Unusual use of ssh
Doug Hardie
bc979 at lafn.org
Wed May 21 23:35:31 UTC 2008
I have an unusual situation that I suspect is not practical, but just
in case...
I have a class C network with a T1 to the internet. There are a
number of hosts on that network. Unfortunately the T1 line is just
part of a path with several additional links before it gets to the
upstream ISP. Some of those links are relatively prone to outages.
In the same facility, I have a number of WiFi access points that are
connected through a router to a DSL connection to the internet. That
path is completely independent from the T1 and actually goes through a
completely different set of central offices.
What I have tried to do is to link the DSL router to one of my hosts
via a separate NIC and address that is on the LAN of the WiFi router.
So far all is good. I can ping any of the access points from that
host just fine. I have established a pass through port in the DSL
router for SSH that sends the packets to that host. Sure enough, ssh
packets are received by the host. The problem is that it does not
respond on the right interface. The routing table uses a default
route through the T1. Thats where the sshd responses are being sent.

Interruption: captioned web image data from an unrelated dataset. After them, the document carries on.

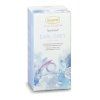 Ronnefeldt Teavelope Earl Grey 25x1,5g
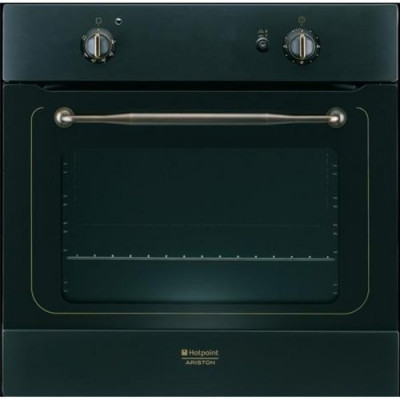 Hotpoint-ariston FHR 640 (AN)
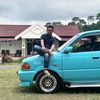 sy4m86
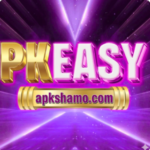 PK Easy Game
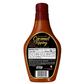 Coronado® Caramel Topping 660g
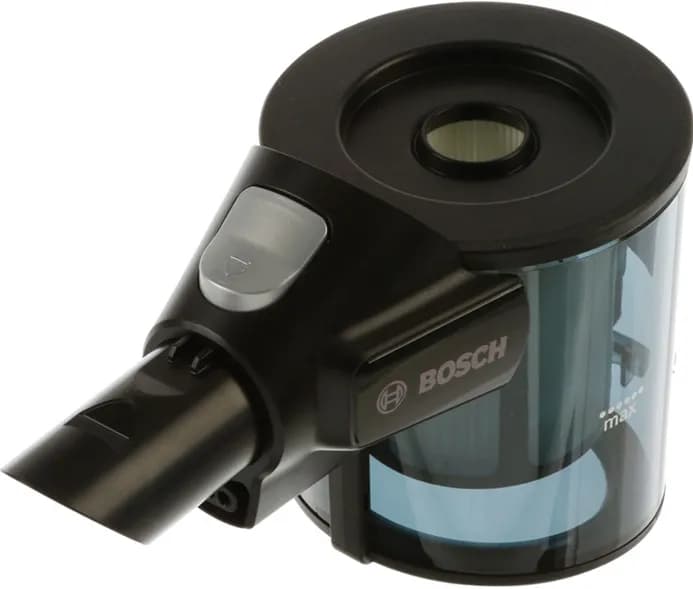 Zásobník na prach do ručného vysávača Bosch Siemens (12030438)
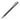 Graf von Faber-Castell Tamitio Stone Grey Rollerball Pen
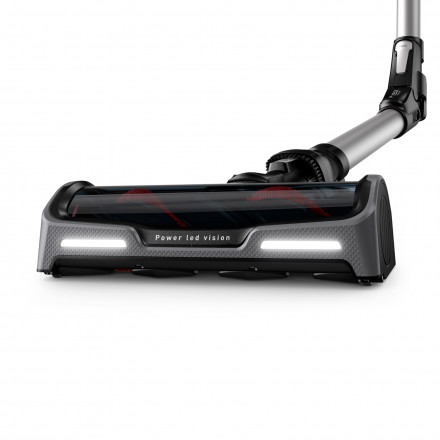 Juhtmeta tolmuimeja Tefal X-Force Flex 14.60 Animal Care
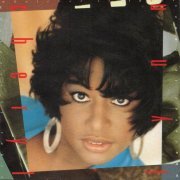 Cheryl Lynn - Whatever It Takes (1989)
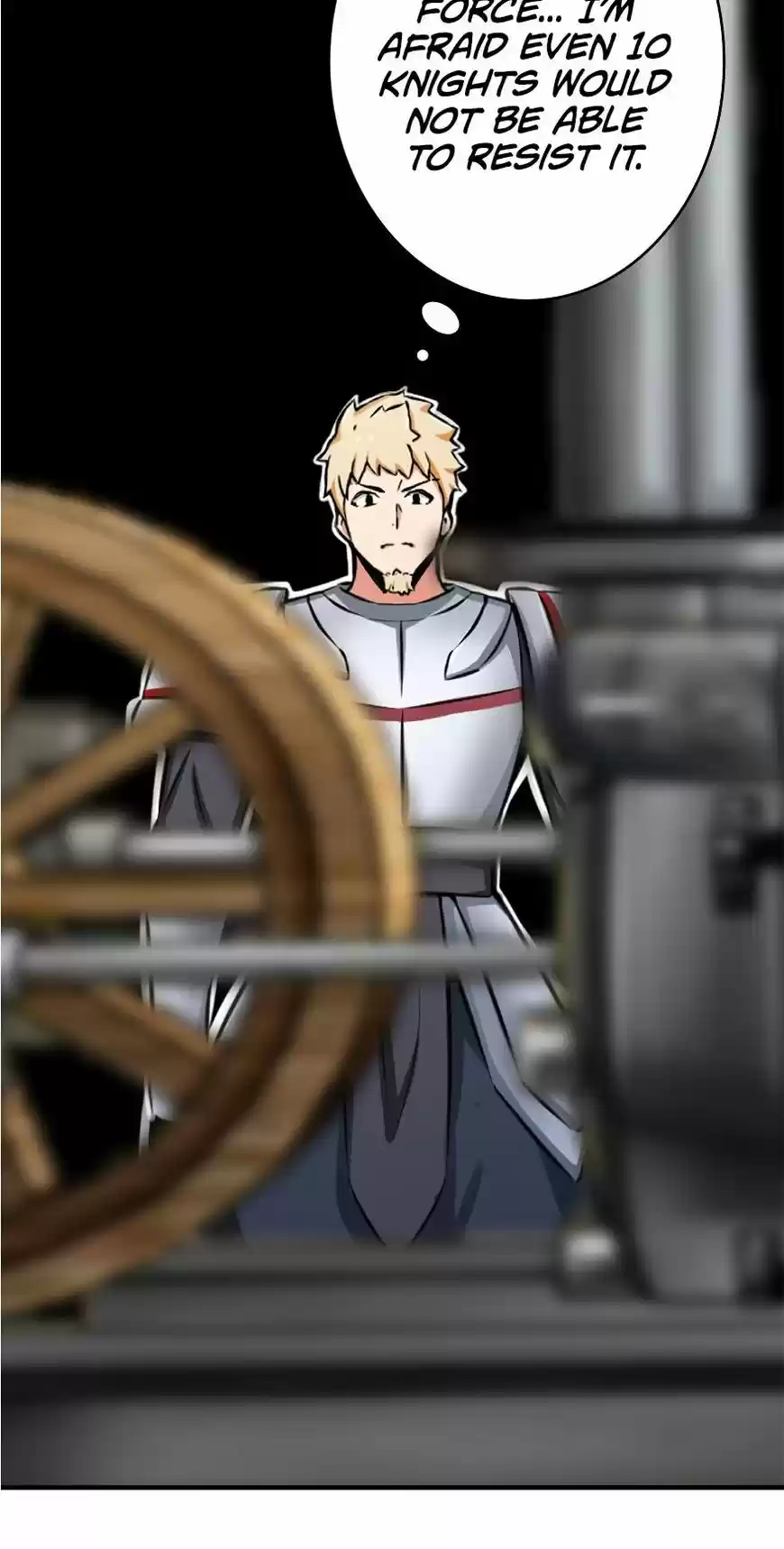 Release That Witch 20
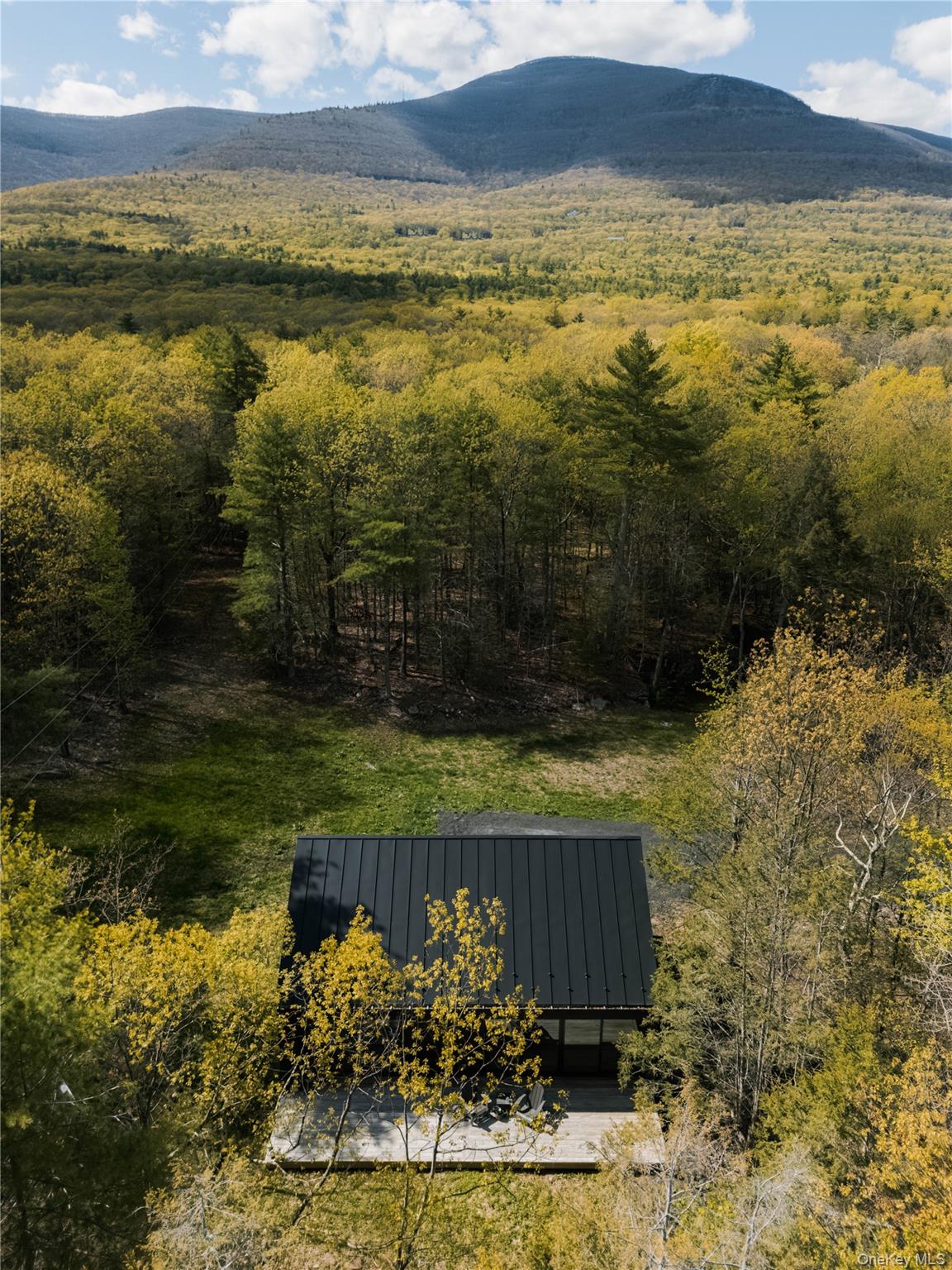 115 Goat Hill Road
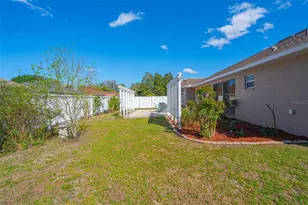 484 Kettering Rd, Deltona, FL 32725 - Photo 27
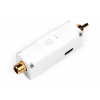 SPDIF iPurifier2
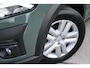 Dacia Jogger TCe 100 ECO-G Expression | 7 PERSOONS | AIRCO | CRUISE CONTROL | APPLECARPLAY/ANDROIDAUTO | PDC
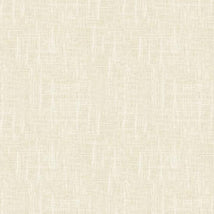 24/7: Linen-Oyster S4705-265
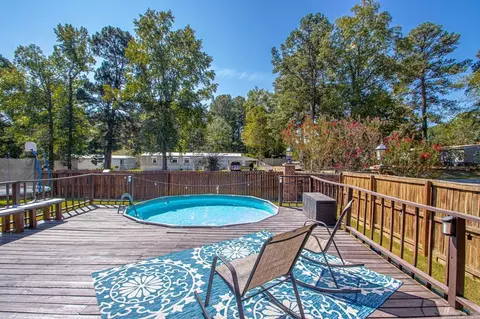 2102 Byron Dr, Bryant, AR 72022 photo 33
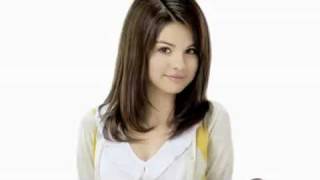 Selena Gomez   - Live Like There&#39;s No Tomorrow (FULL SONG)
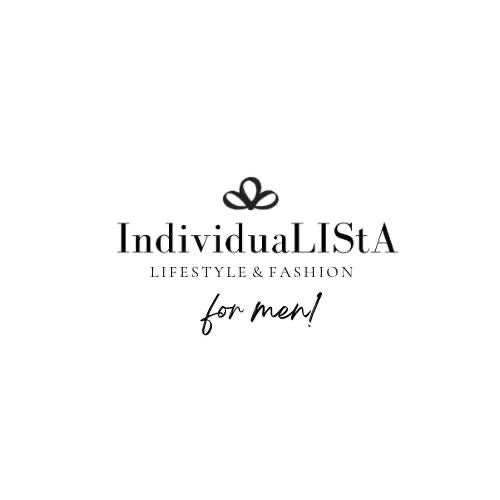 IndividuaLIStA for Men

Since I have no a priori knowledge what IPs I would have available
when I need to use this back door, I can't pre-setup the routing
table. I need sshd to respond on the same interface it receives the
packets from. I don't believe that is possible using IPv4 routing. I
think that it is using IPv6 but none of the networks involved support
that yet. I don't find any option in sshd to force it to respond on
the right interface either. Is there something I have missed?